The idea of shorting the markets these days reminds me of the iconic scene in A Christmas Story where Flick is triple-dog-dared into touching his tongue to a frozen flagpole. It sticks of course.
And, while not quite as painfuul as shooting your eye out with a Red Ryder carbine action two-hundred shot range model air rifle, it reinforced the notion that adages exist for a reason: to protect us from disaster.
Be careful what you ask for. Look before you leap. Beware the ides of March. They all pale in comparison to “don’t fight the tape.” It’s an old expression that originates from the days of the ticker tape. Put simply, it means you shouldn’t fight the prevailing trend.
These days, we might rephrase it “don’t fight the Fed.” Sure, Neel Kashkari insists it’s not the Fed’s job to protect investors against losses. Yet, given that maintaining extremely accommodative monetary policy does exactly that, it’s a rather disingenuous claim.

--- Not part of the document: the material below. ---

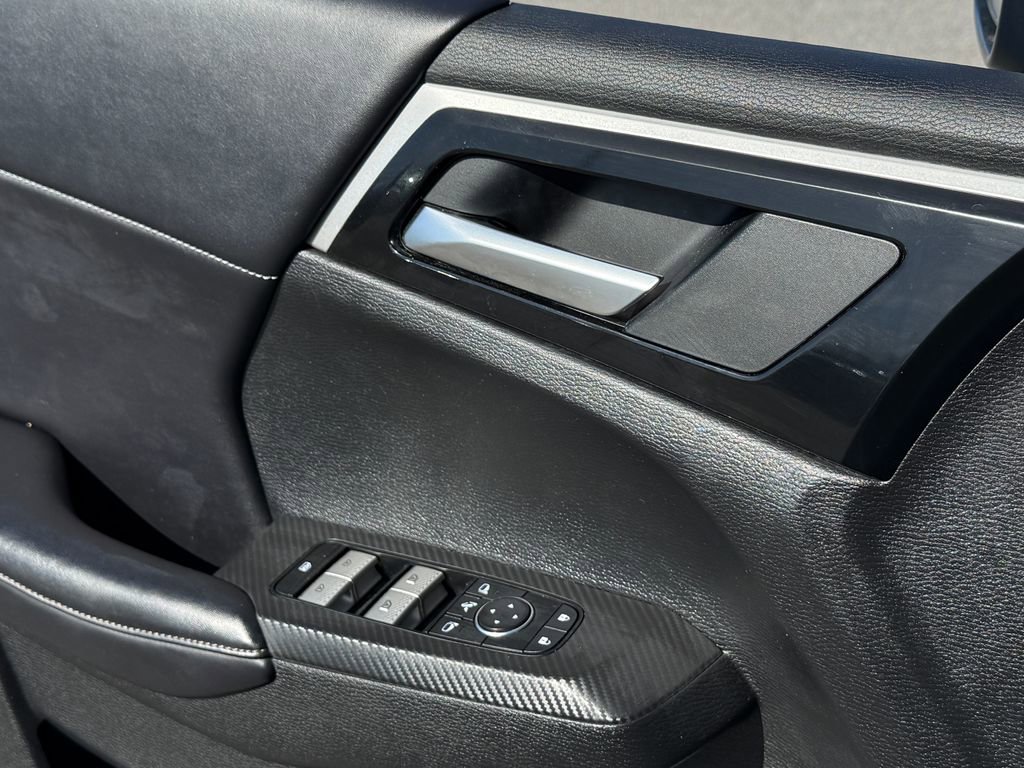 Used 2024 Mitsubishi Outlander SE image 34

One of the easiest ways to witness this protection in action is to watch VIX and its influence on the algos that guide the markets these days. VIX is once again on a precipice — off over 36% from its recent highs and clinging to the bottom of a channel that could easily break down if need be. But, let’s not overlook the fact that two of the spectacular plunges over the past six weeks have been followed by even more spectacular spikes. Could a third be right around the corner? Or, is taking a long position in VIX inviting disaster?